One of my coworkers was able to hardcode a page ID which allowed us to rapidly enter the customizer and edit that page, but he was unable to figure out a way to dynamically pull the page ID as it's not available to $wp_customize and the method get_current_screen() is not in scope at the time.

It looks like some larger changes are in the pipeline, but we were hoping this hack might allow us to continue working with the site, any insight would be appreciated.

#3 @westonruter
8 years ago

@jessecurry See also this plugin proposal for adding page-specific sidebars that get loaded dynamically: https://github.com/xwp/wp-customize-content-widgets

The problem currently is that all sidebars and all widgets get loaded up front. This doesn't scale, and this is something the plugin would fix.

As for obtaining the page currently in the preview, please refer to the Customize Posts plugin to see the approach taken there. This should be rolled into core via #36582, but you can use the plugin code for now.

#4 @jessecurry
8 years ago

Thanks @westonruter.

#5 @westonruter
8 years ago

  • Summary changed from Extremely poor customizer performance to Improve performance of widgets in the customizer (at scale)

#6 @celloexpressions
3 years ago

  • Keywords needs-testing added
  • Milestone set to 5.8

Milestoning for visibility - does the block-based widget editor in the customizer proposed for 5.8 fix this problem, is it the same, or is it worse? I suspect it may be fixed (or at least improved) because the block editor is more fully JS-based and may effectively lazy-load widget blocks.

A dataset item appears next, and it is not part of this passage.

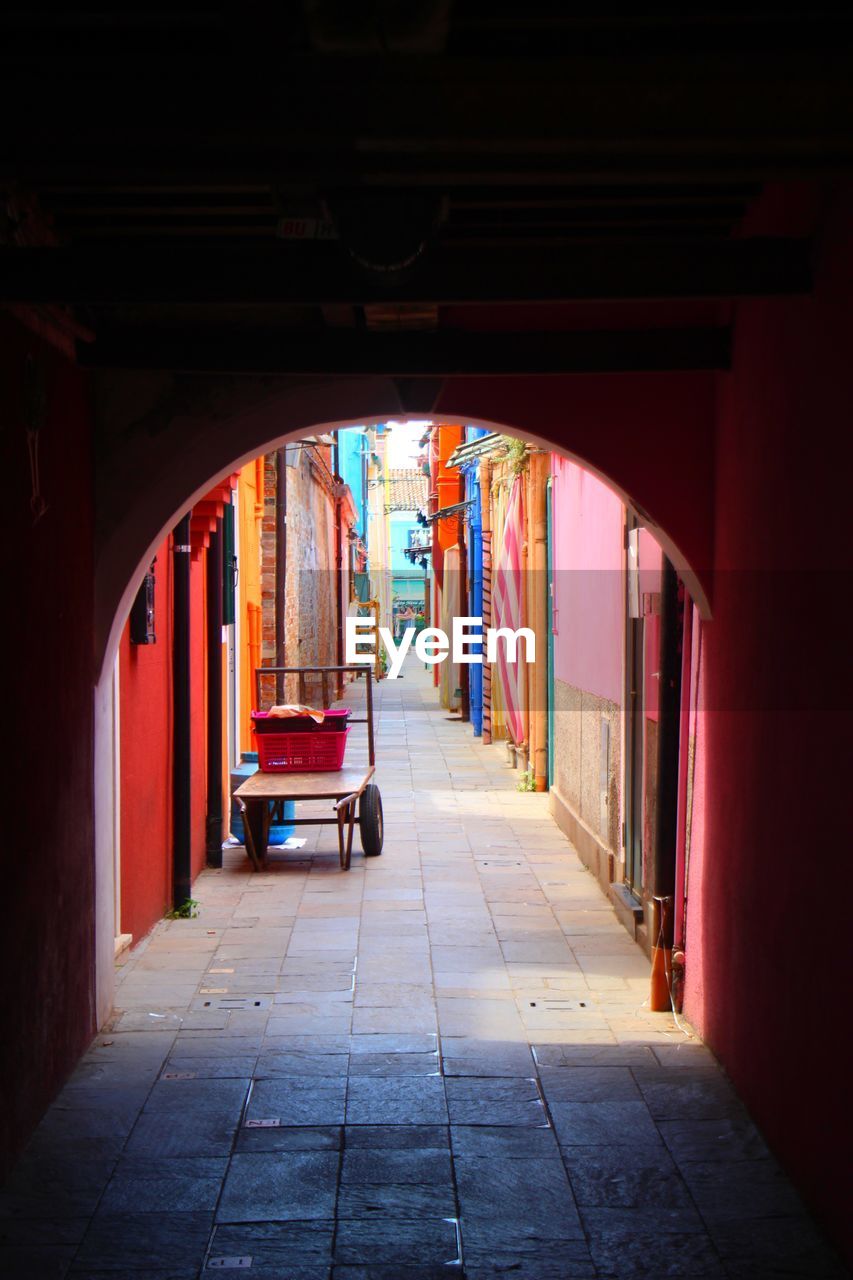 Alleyway through an arch on burano island, venice, italy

If it's fixed, then we can close this ticket on merge. If it's the same, then this can be moved back to future release. And if it's worse, then that also needs to be addressed for 5.8.

#7 @desrosj
3 years ago

  • Milestone 5.8 deleted
  • Resolution set to wontfix
  • Status changed from new to closed

While the traditional widget screen is being replaced with a block based widget editor, the Classic Widgets plugin will be maintained for a bit of time in the same way the Classic Editor was (expect an announcement to set expectations soon).

With that in mind, enhancement and feature requests will most likely no longer be considered. But bug tickets are still welcome, so long as they don't require too many resources distracting away from block based editing.

Looking at this one, it seems that the level of effort to address this and related tickets may be higher than the project will be able to commit to. I'm going to close this one out as a wontfix, but if someone is willing to spend the time working on it, it can be reopened and reconsidered. Discussion on tickets closed as wontfix is always welcome to continue.